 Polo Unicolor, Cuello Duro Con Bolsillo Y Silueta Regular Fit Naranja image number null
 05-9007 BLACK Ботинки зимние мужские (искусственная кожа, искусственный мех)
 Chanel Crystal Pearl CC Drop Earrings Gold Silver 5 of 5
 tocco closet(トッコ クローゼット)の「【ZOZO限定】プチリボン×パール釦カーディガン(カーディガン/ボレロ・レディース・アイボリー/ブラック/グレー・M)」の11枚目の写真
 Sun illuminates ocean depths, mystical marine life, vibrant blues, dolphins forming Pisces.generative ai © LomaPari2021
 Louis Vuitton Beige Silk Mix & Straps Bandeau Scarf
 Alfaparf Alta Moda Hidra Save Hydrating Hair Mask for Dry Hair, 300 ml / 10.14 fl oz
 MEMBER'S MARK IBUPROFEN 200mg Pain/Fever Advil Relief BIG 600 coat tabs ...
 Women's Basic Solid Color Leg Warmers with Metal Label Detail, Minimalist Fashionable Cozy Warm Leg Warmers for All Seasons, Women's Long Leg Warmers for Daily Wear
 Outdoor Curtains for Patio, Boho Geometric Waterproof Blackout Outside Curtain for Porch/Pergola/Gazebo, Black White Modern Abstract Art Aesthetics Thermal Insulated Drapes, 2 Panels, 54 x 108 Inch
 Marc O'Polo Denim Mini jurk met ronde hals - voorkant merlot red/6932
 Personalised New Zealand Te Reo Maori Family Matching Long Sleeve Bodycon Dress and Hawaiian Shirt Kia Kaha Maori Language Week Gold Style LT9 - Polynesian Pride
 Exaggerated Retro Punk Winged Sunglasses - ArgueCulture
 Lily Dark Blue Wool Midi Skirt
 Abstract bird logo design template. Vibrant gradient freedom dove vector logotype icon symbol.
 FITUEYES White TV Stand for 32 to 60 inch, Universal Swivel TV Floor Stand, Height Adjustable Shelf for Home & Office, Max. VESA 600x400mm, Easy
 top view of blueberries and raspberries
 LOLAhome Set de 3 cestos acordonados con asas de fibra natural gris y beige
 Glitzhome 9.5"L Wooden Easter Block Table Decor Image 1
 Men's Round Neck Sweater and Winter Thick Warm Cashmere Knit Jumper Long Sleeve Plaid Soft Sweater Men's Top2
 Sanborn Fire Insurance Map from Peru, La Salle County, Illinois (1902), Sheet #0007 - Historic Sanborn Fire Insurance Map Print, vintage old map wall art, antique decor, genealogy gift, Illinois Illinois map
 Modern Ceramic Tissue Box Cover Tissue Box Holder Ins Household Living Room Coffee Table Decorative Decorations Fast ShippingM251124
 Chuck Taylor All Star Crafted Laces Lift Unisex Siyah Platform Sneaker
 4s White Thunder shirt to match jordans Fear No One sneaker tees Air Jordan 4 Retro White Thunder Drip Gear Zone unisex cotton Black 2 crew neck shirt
━━━━━━━━━━
**Problem details**
Print the line that contains "Decor Image 1", then every later line of the entries above up to and including the last, all exactly as written.

**Result of this task**
 Glitzhome 9.5"L Wooden Easter Block Table Decor Image 1
 Men's Round Neck Sweater and Winter Thick Warm Cashmere Knit Jumper Long Sleeve Plaid Soft Sweater Men's Top2
 Sanborn Fire Insurance Map from Peru, La Salle County, Illinois (1902), Sheet #0007 - Historic Sanborn Fire Insurance Map Print, vintage old map wall art, antique decor, genealogy gift, Illinois Illinois map
 Modern Ceramic Tissue Box Cover Tissue Box Holder Ins Household Living Room Coffee Table Decorative Decorations Fast ShippingM251124
 Chuck Taylor All Star Crafted Laces Lift Unisex Siyah Platform Sneaker
 4s White Thunder shirt to match jordans Fear No One sneaker tees Air Jordan 4 Retro White Thunder Drip Gear Zone unisex cotton Black 2 crew neck shirt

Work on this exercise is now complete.